Court Opinion

ID: 7463863
Source: CourtListenerOpinion
Date Created: 2022-07-29 03:32:55.49408+00
Date Added: 2024-06-11T16:22:49.399680
License: Public Domain

BOARDMAN, Judge.
This is the second appearance of this case before this court.1 Here appellants appeal from a summary judgment entered in favor of the appellees, Clarence Addison and Barbara Addison, in a personal injury action on the issue of liability. The case was tried before a jury on the issue of damages. Verdicts were returned in favor of Barbara Addison in the amount of $23,000 and in favor of Clarence Addison in the amount of $12,000. This timely appeal followed.
After hearing argument and considering the record, briefs and the depositions and affidavits of the respective parties, we hold that there was a genuine triable issue as to whether defendant was guilty of actual negligence as a matter of law.
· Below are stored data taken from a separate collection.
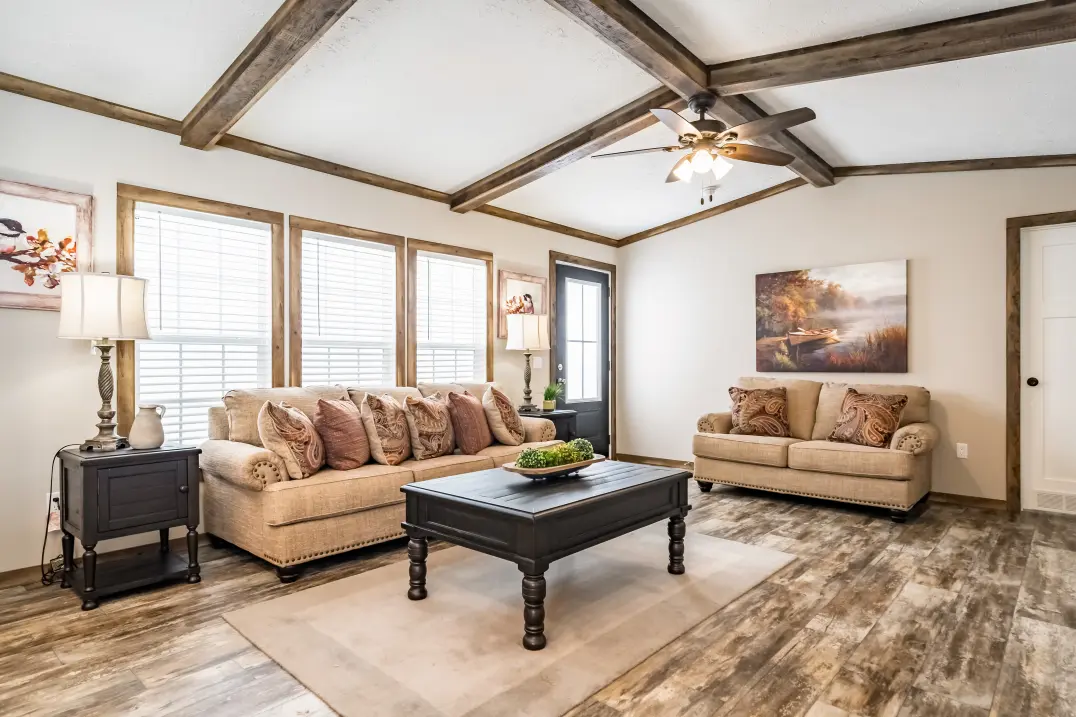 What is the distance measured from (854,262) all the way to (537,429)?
3.21m

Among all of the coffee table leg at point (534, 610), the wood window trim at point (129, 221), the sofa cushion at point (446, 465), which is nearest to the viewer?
the coffee table leg at point (534, 610)

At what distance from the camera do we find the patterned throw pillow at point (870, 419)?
4.63 m

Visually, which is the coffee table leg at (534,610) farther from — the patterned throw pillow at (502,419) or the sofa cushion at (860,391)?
the sofa cushion at (860,391)

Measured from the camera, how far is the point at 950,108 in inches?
151

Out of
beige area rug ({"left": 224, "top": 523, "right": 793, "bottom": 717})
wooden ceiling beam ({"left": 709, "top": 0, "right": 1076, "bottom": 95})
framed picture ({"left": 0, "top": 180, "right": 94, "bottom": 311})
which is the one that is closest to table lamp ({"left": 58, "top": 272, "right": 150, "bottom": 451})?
framed picture ({"left": 0, "top": 180, "right": 94, "bottom": 311})

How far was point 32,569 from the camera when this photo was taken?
10.6 ft

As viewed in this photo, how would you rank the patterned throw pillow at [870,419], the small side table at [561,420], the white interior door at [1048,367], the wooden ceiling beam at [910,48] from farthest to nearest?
the small side table at [561,420]
the patterned throw pillow at [870,419]
the white interior door at [1048,367]
the wooden ceiling beam at [910,48]

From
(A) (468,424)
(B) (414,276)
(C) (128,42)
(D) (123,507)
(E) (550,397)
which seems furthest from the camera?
(E) (550,397)

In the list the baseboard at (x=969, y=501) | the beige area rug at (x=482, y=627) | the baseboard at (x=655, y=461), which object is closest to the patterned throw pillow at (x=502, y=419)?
the beige area rug at (x=482, y=627)

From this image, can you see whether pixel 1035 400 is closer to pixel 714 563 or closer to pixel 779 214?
pixel 779 214

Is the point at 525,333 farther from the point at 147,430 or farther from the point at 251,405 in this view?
the point at 147,430

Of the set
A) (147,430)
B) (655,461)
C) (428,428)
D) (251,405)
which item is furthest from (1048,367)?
(147,430)

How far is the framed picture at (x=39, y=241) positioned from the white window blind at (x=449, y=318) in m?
2.28

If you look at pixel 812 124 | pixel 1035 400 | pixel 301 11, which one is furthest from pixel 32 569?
pixel 1035 400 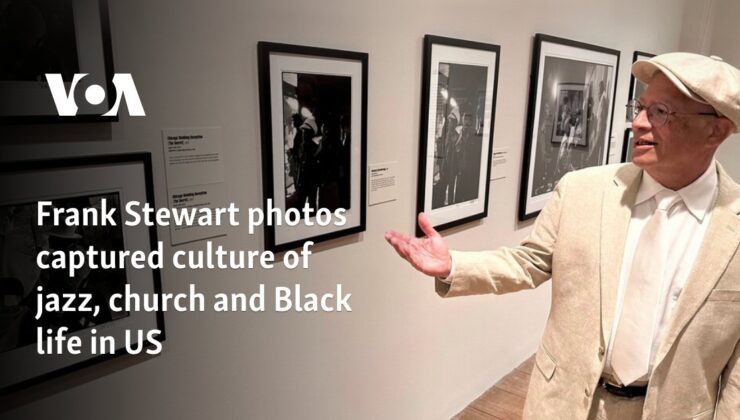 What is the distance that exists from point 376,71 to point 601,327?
1.20m

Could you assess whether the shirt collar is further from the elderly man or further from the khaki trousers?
the khaki trousers

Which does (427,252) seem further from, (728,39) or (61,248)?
(728,39)

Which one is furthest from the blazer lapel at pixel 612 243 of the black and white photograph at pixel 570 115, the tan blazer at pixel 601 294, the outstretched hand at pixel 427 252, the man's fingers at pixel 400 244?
the black and white photograph at pixel 570 115

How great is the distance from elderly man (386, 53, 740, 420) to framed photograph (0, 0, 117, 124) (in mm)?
919

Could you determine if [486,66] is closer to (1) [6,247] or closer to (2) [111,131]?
(2) [111,131]

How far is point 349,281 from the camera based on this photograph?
6.61ft

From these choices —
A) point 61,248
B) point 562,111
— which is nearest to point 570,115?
point 562,111

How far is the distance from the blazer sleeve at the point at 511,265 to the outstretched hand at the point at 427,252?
4 centimetres

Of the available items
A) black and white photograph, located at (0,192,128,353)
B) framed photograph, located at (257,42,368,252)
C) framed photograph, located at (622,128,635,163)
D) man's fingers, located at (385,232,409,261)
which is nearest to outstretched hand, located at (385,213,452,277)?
man's fingers, located at (385,232,409,261)

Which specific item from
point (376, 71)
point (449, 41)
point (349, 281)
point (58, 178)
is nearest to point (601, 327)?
point (349, 281)

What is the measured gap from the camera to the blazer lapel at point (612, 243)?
143cm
Appellant, Hazel Fitzgerald, in her deposition taken by appellees, testified that “. I must have passed out, blacked out, for the time being because otherwise I would have never hit the car.” She ran into the rear of appellees’ vehicle. Further, the appellant testified that she had not experienced blackout spells like that before the date of the accident involved here. This testimony of appellant being uncontradicted at this stage of the case is sufficient, we submit, to preclude the entry of summary judgment on the issue of actionable negligence.2
We are of the view that the testimony of appellant taken at her deposition failed to show conclusively that no material issue of fact remained to be considered by a jury. See Harvey Building, Inc. v. Haley, Fla. 1965, 175 So.2d 780.
Accordingly, the judgment appealed is reversed and the cause remanded for further proceedings not inconsistent herewith.
Reversed and remanded.
MANN, C. T., and HOBSON, J., concur.

. See Fitzgerald v. Addison, Fla.App.2nd, 1973, 287 So.2d 151, which concerned the ruling of the trial court on the question of su-persedeas bond i)ending appeal.

. See W. Prosser, Law of Torts, § 29 (4th ed. 1971).